The regulation of flowering time network
The state transition to flowering in plants is precisely controlled by environmental conditions and endogenous developmental cues so that plants produce their progeny under favorable conditions. The response to multiple factors suggests the existence of a complex network regulating this state transition in plants.
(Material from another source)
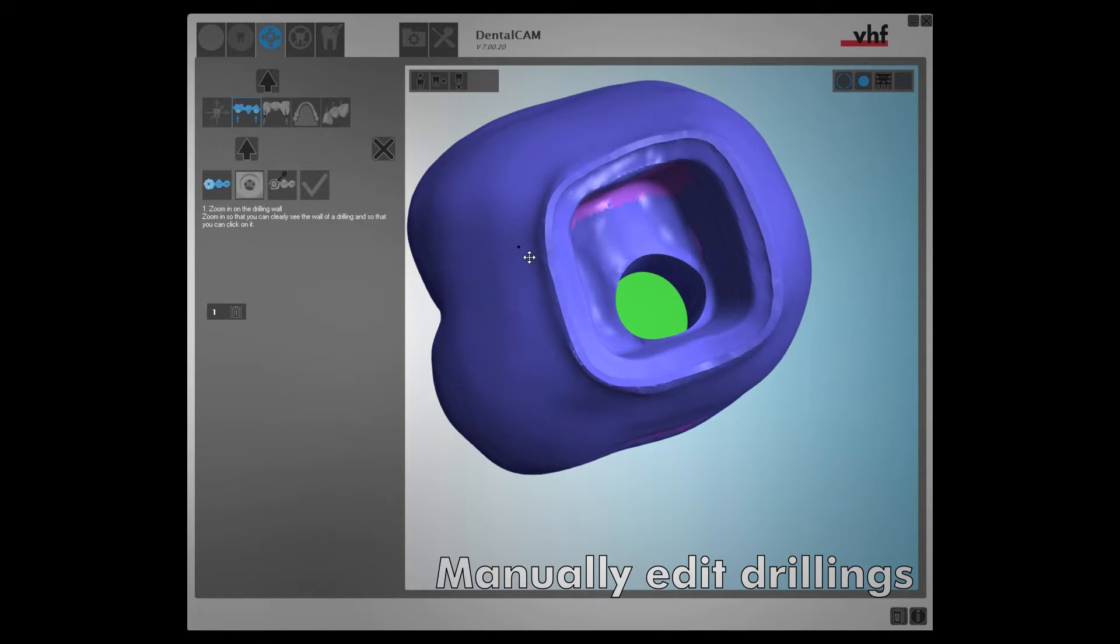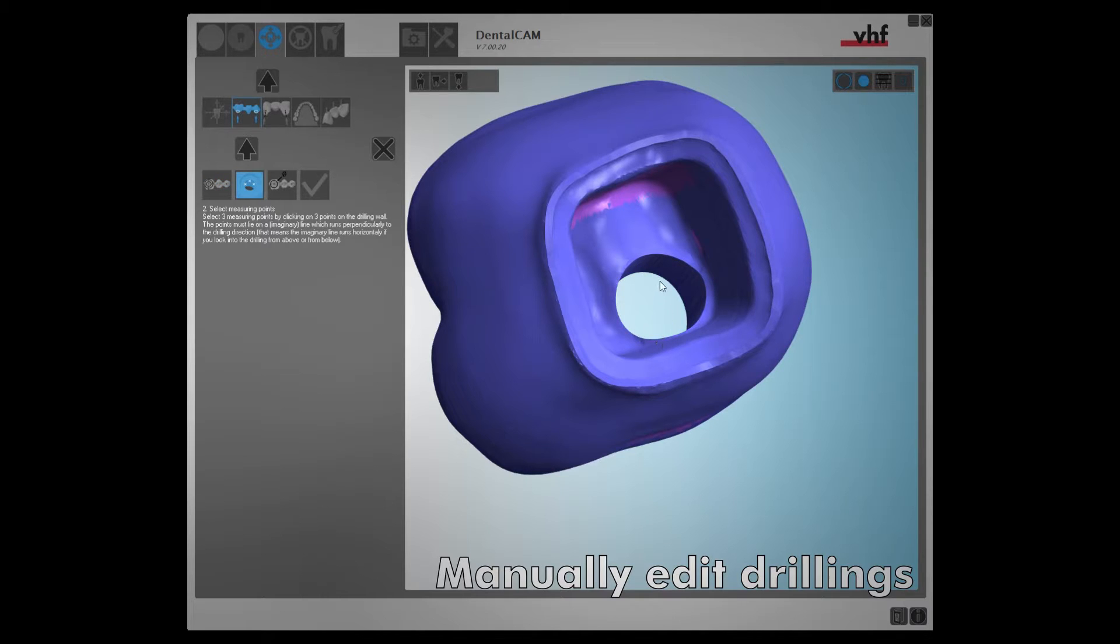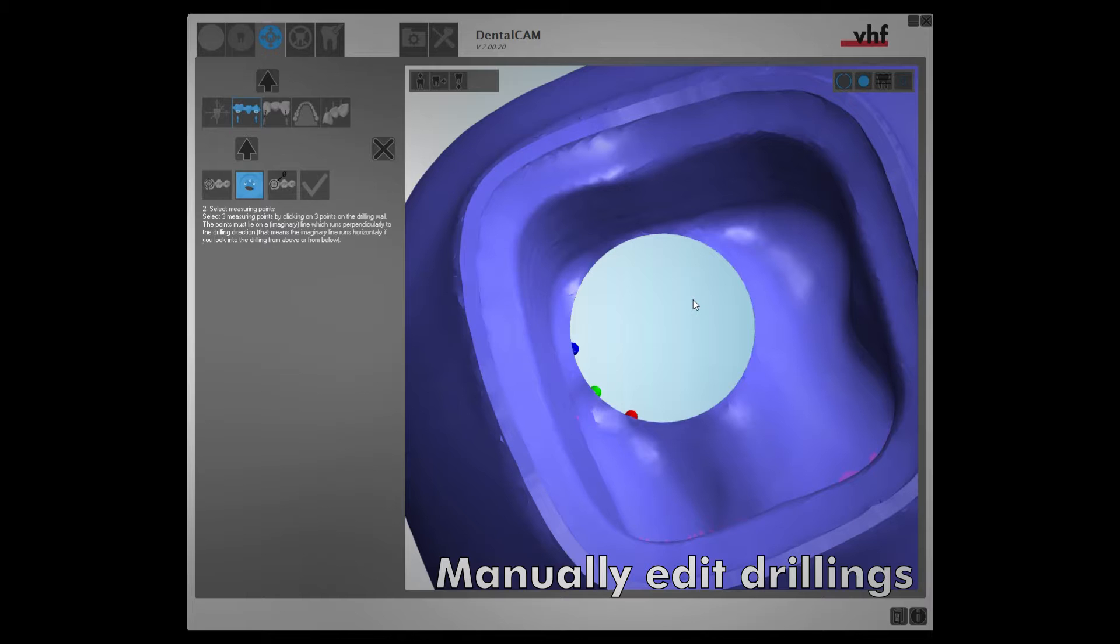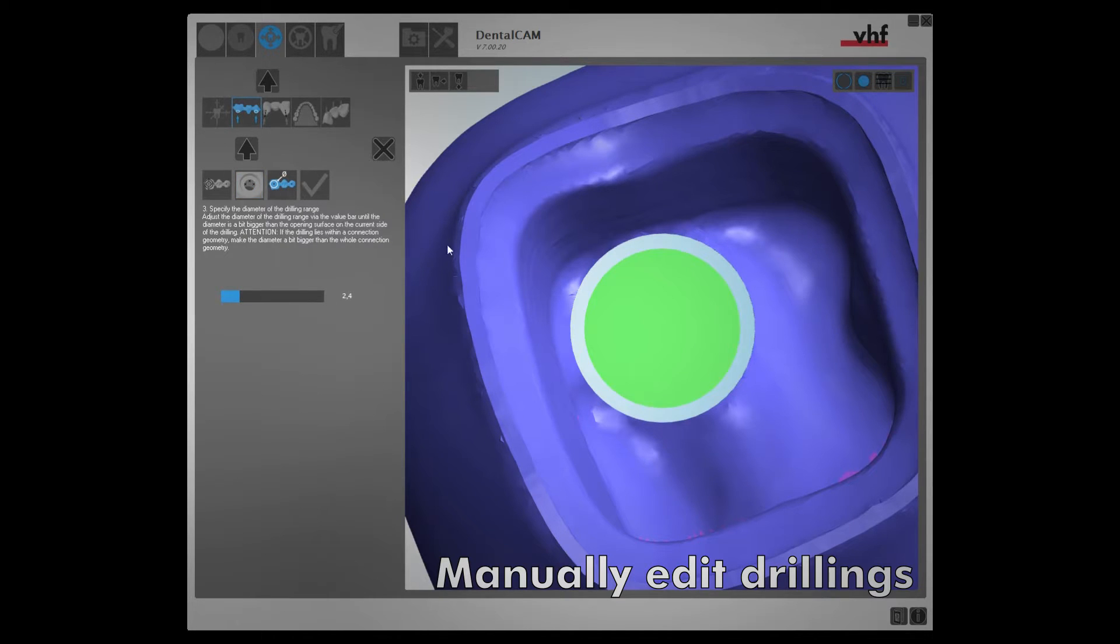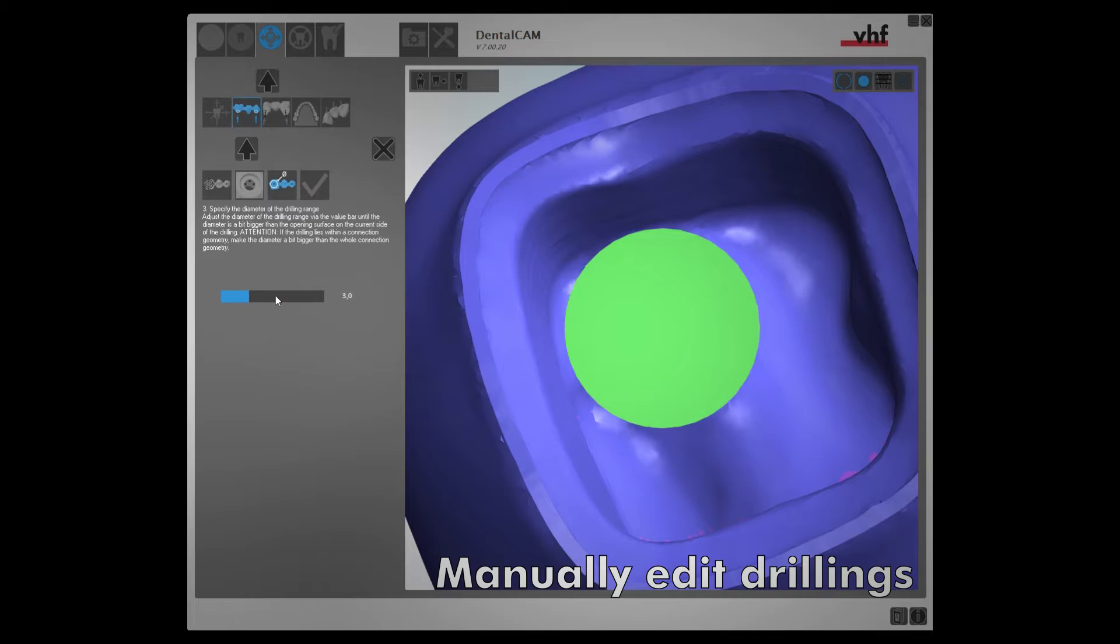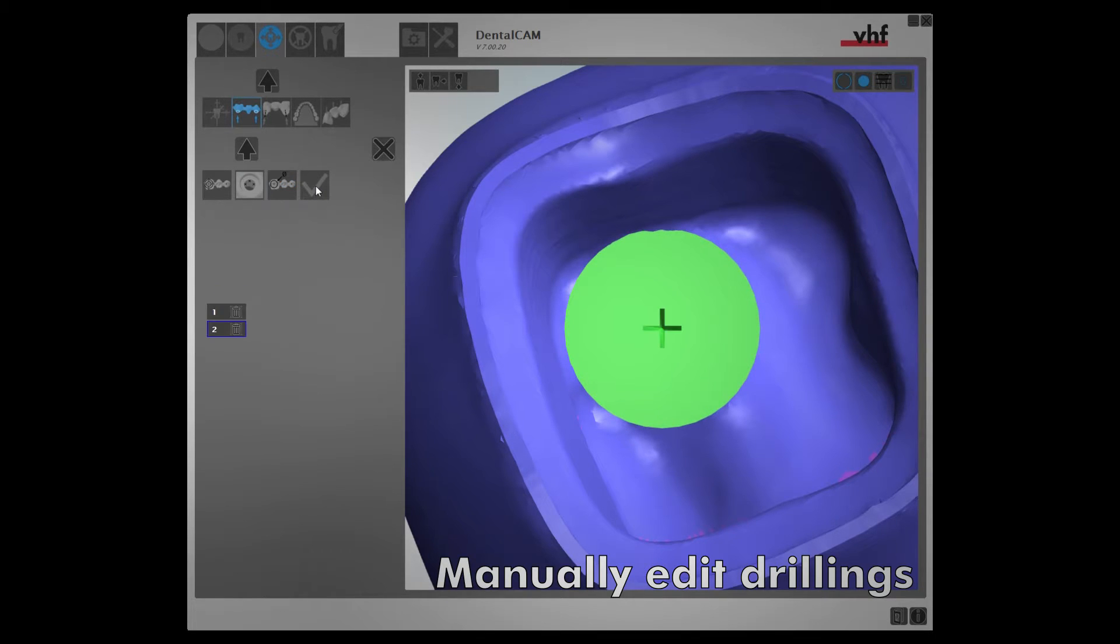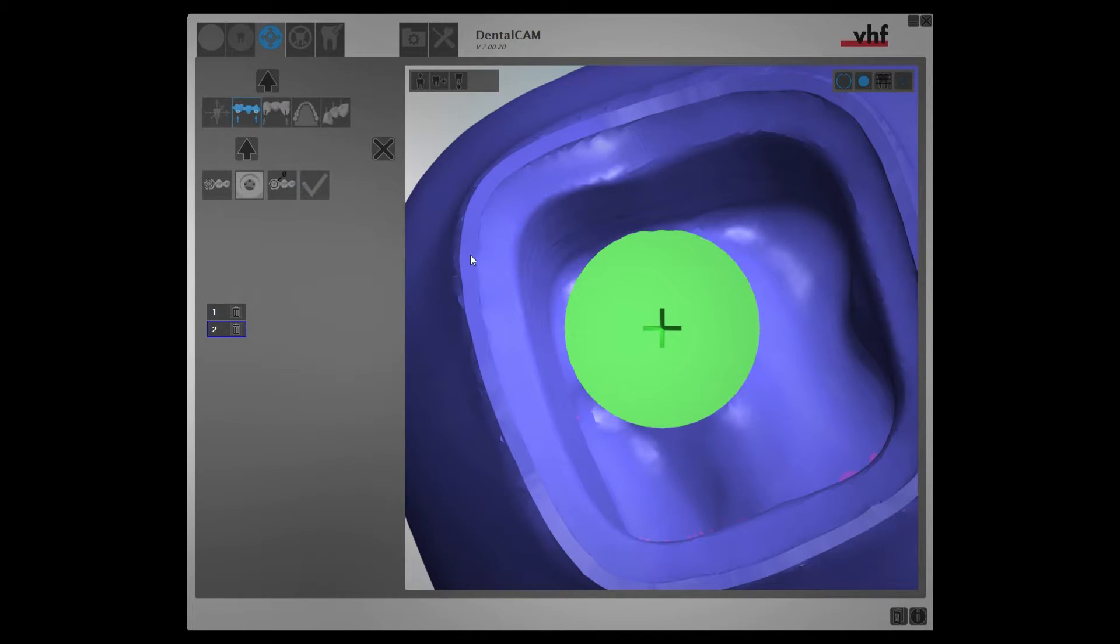Here is an example where we focus on a drilling. Mark the drilling. Specify its diameter. And you're done!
In this study, the biology of flowering time (Photoperiodic) in Arabidopsis thaliana showed that a complex gene regulatory network that controls this transition integrates the responses based on various external and internal conditions. Consequently, the regulation of the flowering time has been a major adaptive trait during plant evolution and domestication. A large number of genes have been characterized as flowering time regulators, and several recent reviews have provided detailed descriptions of flowering time pathways [2].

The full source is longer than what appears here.